> [Excerpted records]:

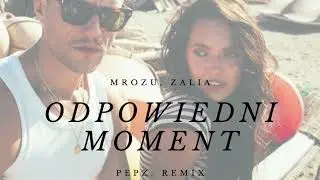 Mrozu, Zalia - Odpowiedni Moment (pepz. Remix)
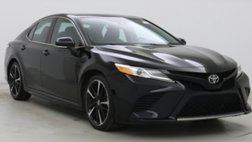 2020 Toyota Camry XSE V6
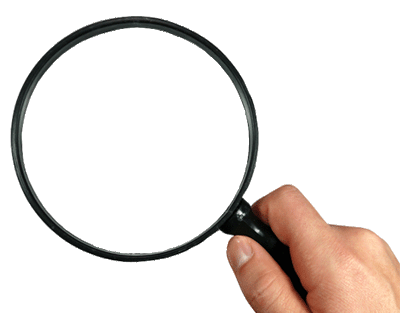 Magnifying Glass Icon Magnifying Glass Icon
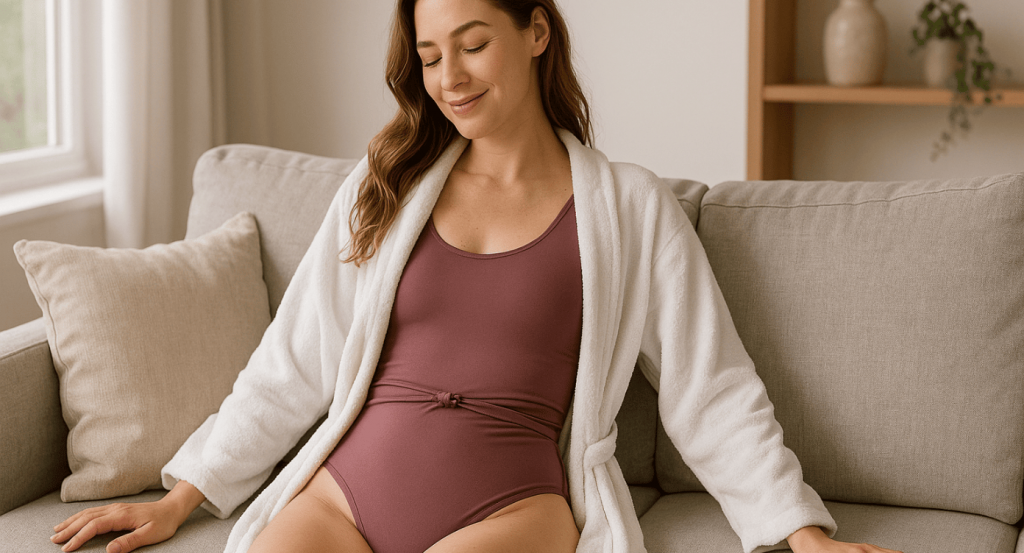 comment fonctionne un maillot de bain menstruel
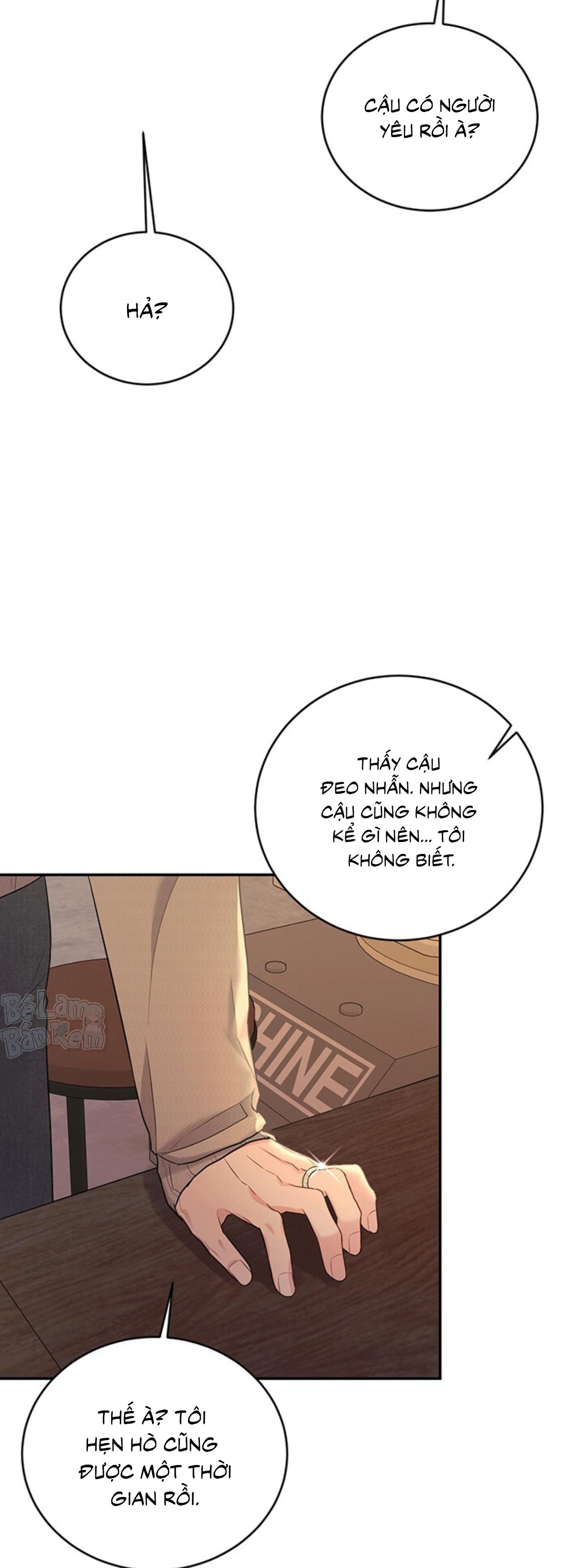 TIỂU THỬ: BẮT ĐẦU MÙA HÈ Chapter 58 - Trang 3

> [What you will do]:
Reproduce the material exactly. Pictures stay out.

> [Result of the exercise]:
 Mrozu, Zalia - Odpowiedni Moment (pepz. Remix)
 2020 Toyota Camry XSE V6
 Magnifying Glass Icon Magnifying Glass Icon
 comment fonctionne un maillot de bain menstruel
 TIỂU THỬ: BẮT ĐẦU MÙA HÈ Chapter 58 - Trang 3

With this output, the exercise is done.